For all of us strategic foresight practitioners and trend researchers: How often do you get asked if you can predict the future? Whether you have a glass ball to see the future? Or when looking back on scenario projects, how often do people want to know what became true and what was overlooked? These kind of questions reveals that most people are still unfamiliar with strategic foresight and its use in strategy development. Even when exposed to or involved in foresight projects, there is still a mental distance with this kind of work given that we come from a culture of knowledge production (reports) and evidence based, data driven decision making. But in case of the future, there are no facts or science based models with predictive powers. All methods in foresight build on the notion of enriching people’s understanding of future possibilities and therefore, help seeing new solutions and building better strategies. So how can we create better understanding of foresight as a practice and train people to build a foresight mindset.

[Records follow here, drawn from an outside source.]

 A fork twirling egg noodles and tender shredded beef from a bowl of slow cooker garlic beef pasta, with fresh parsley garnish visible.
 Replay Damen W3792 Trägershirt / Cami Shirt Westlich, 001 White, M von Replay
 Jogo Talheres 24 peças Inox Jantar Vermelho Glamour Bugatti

Prepare for a participatory learning experience
Strategic foresight is a structured method to help people think about the future. The project management offers the framework, the main questions and the step-by-step approach. The choice of themes and storylines is decided by the participants in group sessions. Building on the insights and associative thinking of group members is a powerful experience and helps to create new knowledge. The art of listening and the willingness to respond to themes that are introduced by the group are a precondition to create this learning experience. This is fundamentally different from presenting expert knowledge to the group.

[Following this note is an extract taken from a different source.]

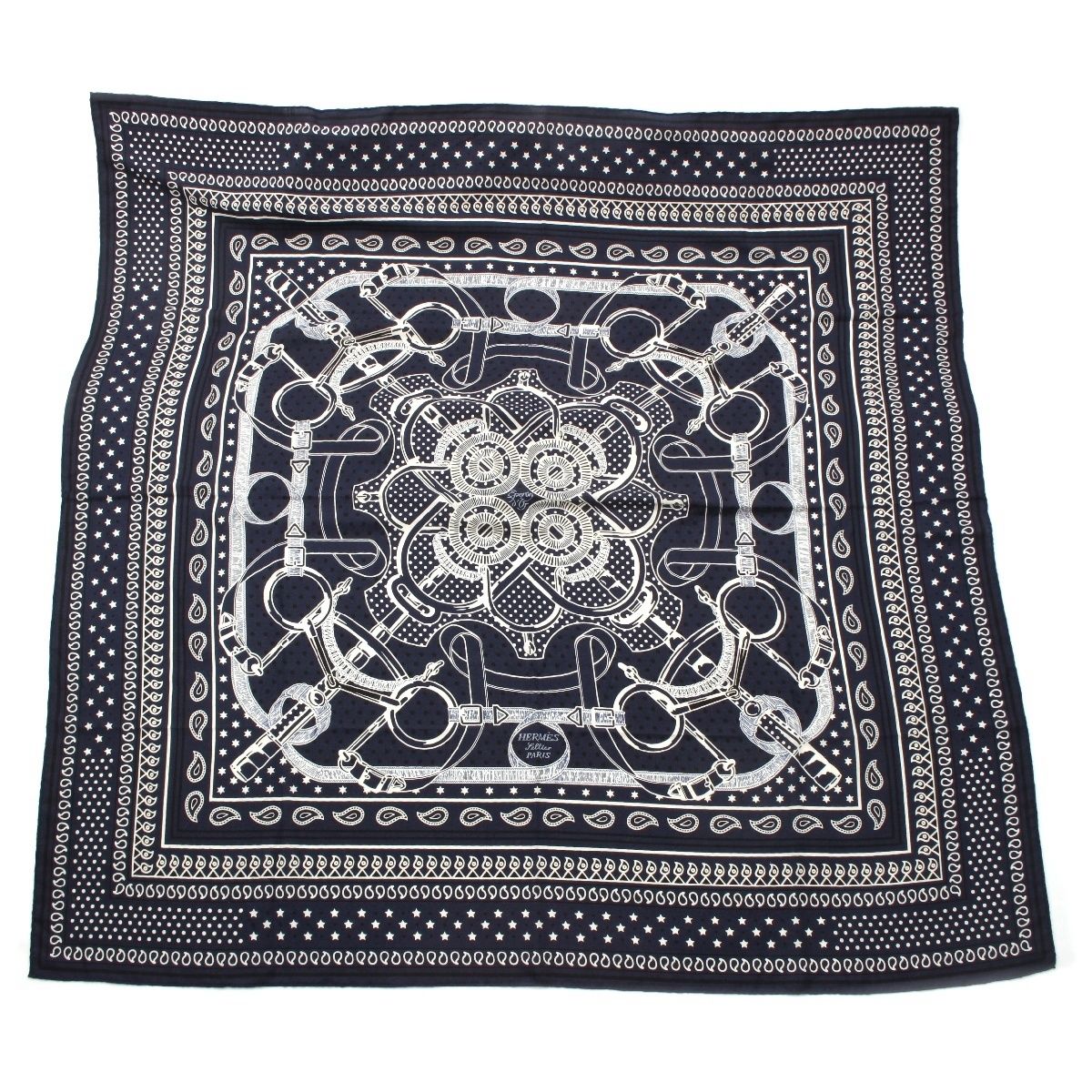 エルメス カレジェアン140 Grand Manege Bandana グランマネージュバンダナ カシミヤ シルク スカーフ ストール ネイビー
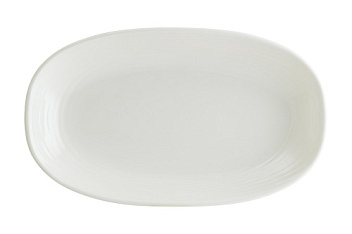 Блюдо овальное 150*85 мм. Белый Луп узкая полоска Bonna /1/12/3168/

The engagement process in creating scenarios is an important trajectory and involves many sessions where people work with prototypes and unfinished products. This enables co-creation where different people can have their say and help strengthening the scenarios. This is opposite to the way the research community operates. Research reports are presented when they are finished. They contain conclusions and recommendations. Discussions unfold as a response to the completed work, whereas co-creation can only happen when the piece on the table is not set in stone.
Focus on the strategic conversation
In creating scenarios it is helpful to involve a rich selection of experts with a broad collective knowledge base. They know about trends and developments in their area of work. However, scenarios don’t need to contain all the details that matter to researchers and scientists. Scenarios are created to help decision makers. Therefore, scenarios should contain those elements that trigger a strategic conversations. They should hint at topics that are relevant for influencing decision makers thinking processes.
Use the method to serve the conversation, instead of making the method the centrepiece
Every research discipline has their methods. For a young discipline as strategic foresight rigorous methods can help to convince those who new to foresight that it is indeed an established discipline. Despite the prestige that scientific methods can help to achieve, too much emphasis on methods can overshadow the real purpose of the foresight process. That is, supporting a strategic conversation to make decisions for a better future. Every scenario project has its own dynamics, influenced by the time frame the organisational structure and many other things. Responding adaptively to these dynamics with a rich toolset of methods and techniques is more important than following one method and one school of thought rigidly.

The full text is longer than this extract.